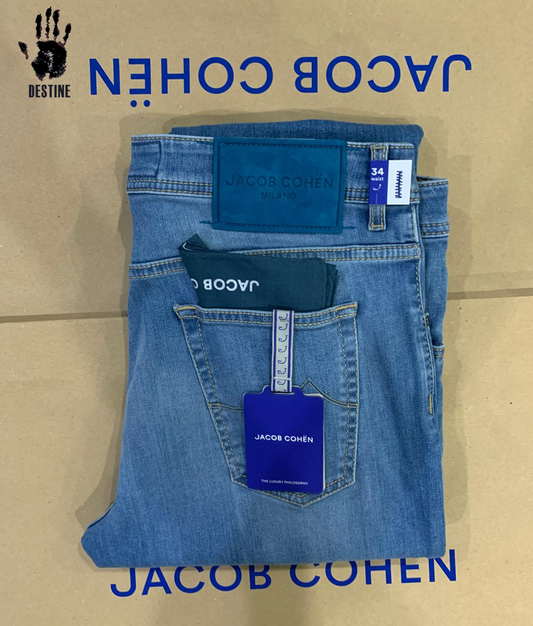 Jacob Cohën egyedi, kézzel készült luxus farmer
***
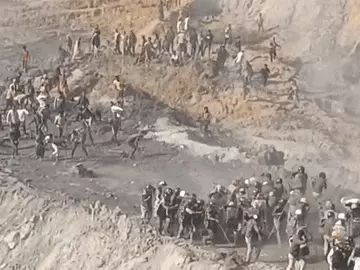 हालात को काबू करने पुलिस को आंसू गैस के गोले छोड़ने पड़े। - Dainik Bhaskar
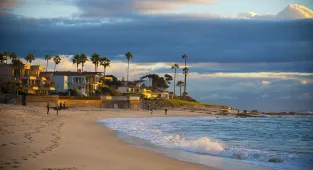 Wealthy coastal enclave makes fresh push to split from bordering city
***
What this task involves – Among the entries above, take the lines from the one with "हालात को काबू" through the one with "Wealthy coastal enclave" and retype them exactly, leaving out the pictures.

Result below –
 हालात को काबू करने पुलिस को आंसू गैस के गोले छोड़ने पड़े। - Dainik Bhaskar
 Wealthy coastal enclave makes fresh push to split from bordering city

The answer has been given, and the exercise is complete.